(SUPPLIED MATERIAL begins)

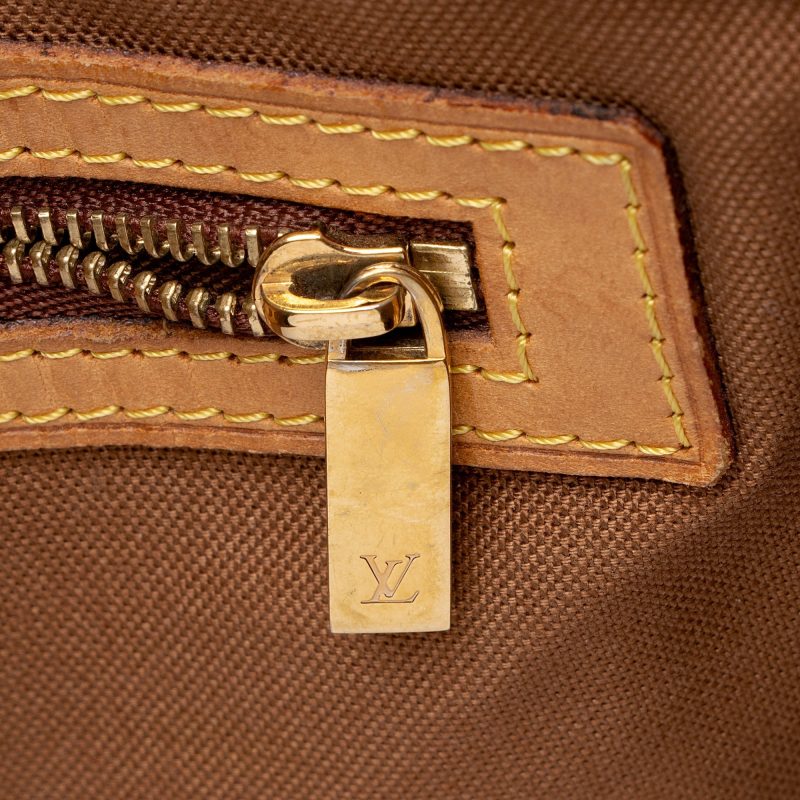 Louis Vuitton Vintage Monogram Canvas Vavin GM Tote (SHF-22941) - Image 9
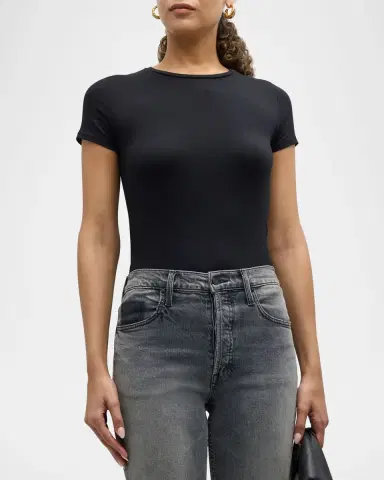 Majestic Filatures Soft Touch Short-Sleeve Tee | Thumbnail 4 Majestic Filatures Soft Touch Short-Sleeve Tee | Thumbnail 4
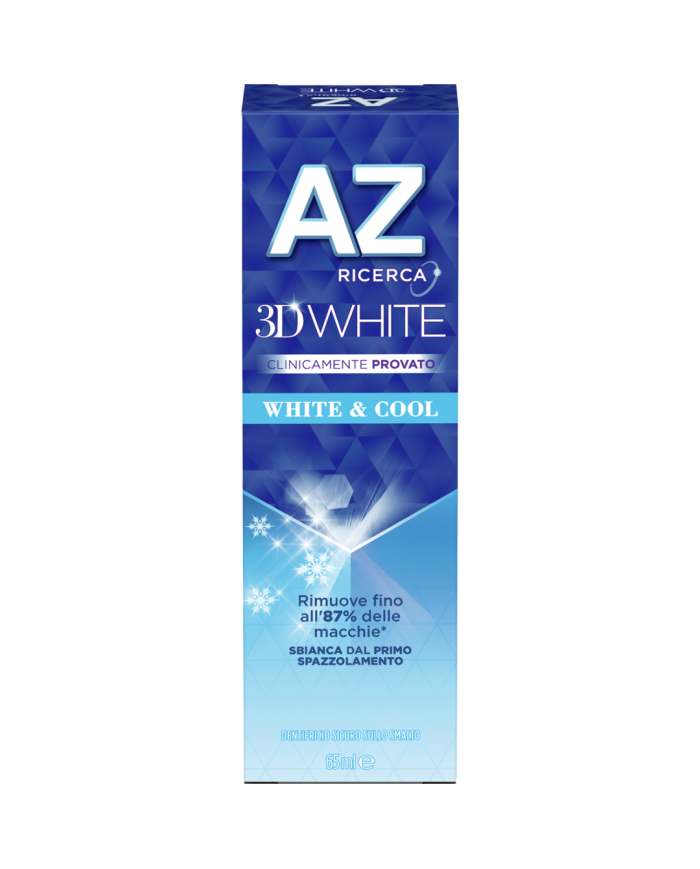 AZ DENT.3D WHITE & COOL ML.65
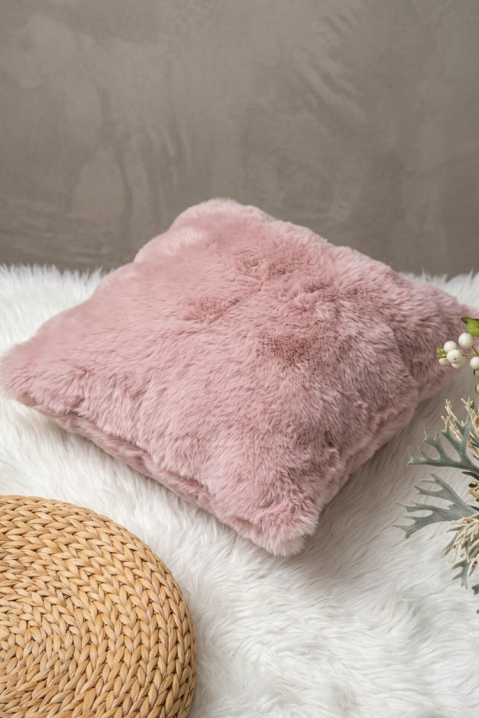 Luksusowa dekoracyjna poszewka na poduszkę CARMENA PINK 40x40 cm, Kolor : różowy, IVET.PL - Modna odzież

(SUPPLIED MATERIAL ends)

When you reproduce the data shown above, keep each line exact and omit every picture.

THE ANSWER:
 Louis Vuitton Vintage Monogram Canvas Vavin GM Tote (SHF-22941) - Image 9
 Majestic Filatures Soft Touch Short-Sleeve Tee | Thumbnail 4 Majestic Filatures Soft Touch Short-Sleeve Tee | Thumbnail 4
 AZ DENT.3D WHITE & COOL ML.65
 Luksusowa dekoracyjna poszewka na poduszkę CARMENA PINK 40x40 cm, Kolor : różowy, IVET.PL - Modna odzież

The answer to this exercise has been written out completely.